Friday, January 4, 2008

Deep End

When I was 13, on Christmas, I received a book profiling great cult movies. Most were from the 60’s and 70’s, many were horror films and a good number were vaguely pornographic. One in particular jumped out at me. Called Deep End, it concerned an adolescent protagonist undergoing a sexual awakening who spent a great deal of his time near a swimming pool. I was sold. Last night, a decade after learning about this movie, I finally had the chance to see it for myself.

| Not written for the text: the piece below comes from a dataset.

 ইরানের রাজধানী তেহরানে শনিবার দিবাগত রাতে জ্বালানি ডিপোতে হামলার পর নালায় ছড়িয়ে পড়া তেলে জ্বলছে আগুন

Deep End is the work of Polish director Jerzy Skolimowski. The art house cinema on my block is conducting a retrospective of his work, most of which is in Polish. Deep End, however, is in English and set there, in a dreary neighborhood on the outskirts of London in 1971. Mike is a 15-year old who begins work at the local bathhouse. He falls in lust with Susan, a co-attendant who is several years older than he. This is a pretty thorough encapsulation of the movie’s plot, as it is essentially a sustained cinematic rendering of a sexually anxious fever dream. All of the major adult characters, male and female, are carnivorous sexual predators. Mike encounters one old cow (the Brit slang left a mark) who brings herself to climax by clinging to him whilst breathlessly reenacting sportscaster commentary from old football games. There are the requisite saggy prostitutes and leering male teachers and the nubile young bodies to which they are drawn.

Luckily, the relatively boilerplate tableau is redeemed by the camerawork, the performances and the score. The characters are flawlessly framed. The lens at times creates a gauzy effect which mirrors Mike’s cloudy naiveté and perpetual dream state. And there are a couple of instances where successive jump cuts, an often annoying indie affectation, are employed effectively. The actors are all strong, including Jane Asher, who played Susan in the movie and was Paul McCartney’s muse in the 1960s. Perhaps best of all, the score is subtle but still atmospheric and, I’m convinced, served as inspiration for Tangerine Dream’s ambient work in Risky Business. And it was composed done by Yusuf Islam, nee Cat Stevens (born Steven Georgiou)!

Deep End ultimately provided me with yet another opportunity to indulge in my (perhaps foolish) nostalgia for eras I never experienced. I especially seek out films and books pertaining to the 70s and early 80s. They often include rampant boozing and drugging and indiscriminate, if not anonymous, sex. And while I might not necessarily wish to replicate such behavior in my personal life, I would be thrilled if the staid, paranoid culture we find ourselves in today could rediscover some of the hedonist joie de vivre so abundant in those heady post-sexual revolution, pre-Age of Paranoia times.